Semi variance also connects naturally to the Sortino ratio, which replaces standard deviation with downside deviation in risk adjusted return analysis. That makes it particularly valuable when you want a metric that rewards upside and penalizes only downside.
When to Use Mean, Zero, or a Custom Target
- Use the mean when you want a distribution based downside measure relative to the series itself.
- Use zero when your concern is loss versus gain.
- Use a custom target when you have a hurdle rate, required return, budget threshold, or service level benchmark.

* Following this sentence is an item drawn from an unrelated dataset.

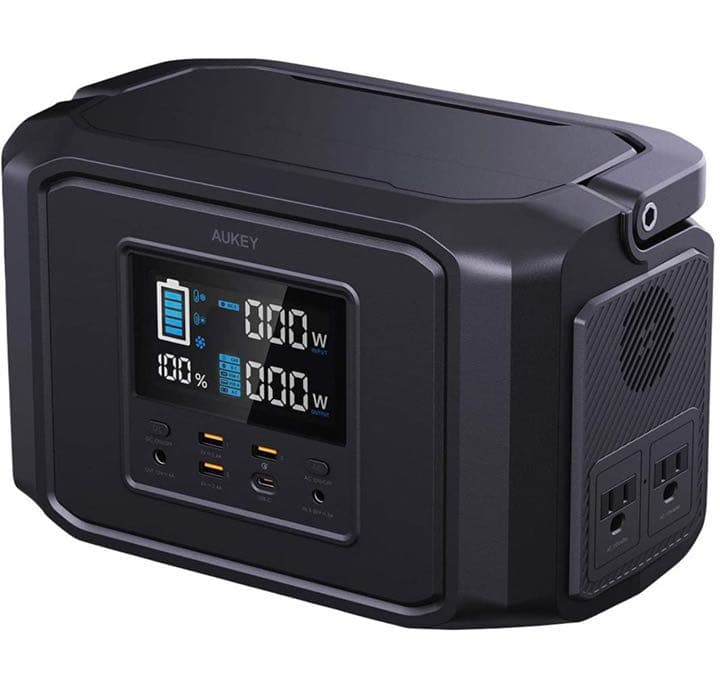 大容量のポータブル電源 174000mAhドローン小型冷蔵庫携帯電話パソコン対応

Authoritative Risk and Statistics References
If you want broader background on investment risk, return measurement, and statistical interpretation, these sources are useful:
- Investor.gov on risk concepts
- U.S. Securities and Exchange Commission on investment risk
- NYU Stern resources on valuation, risk, and finance
Practical Takeaway
If you need a clear answer to how to calculate semi variance in Excel, remember this formula sequence: choose a target, keep only values below that target, square each downside deviation, and divide by the denominator defined in your methodology. Excel can do this with helper columns for transparency or with compact formulas for dashboard use. The calculator on this page helps you verify the math instantly, visualize which data points are contributing to downside risk, and convert the output into an Excel friendly workflow you can use in real analysis.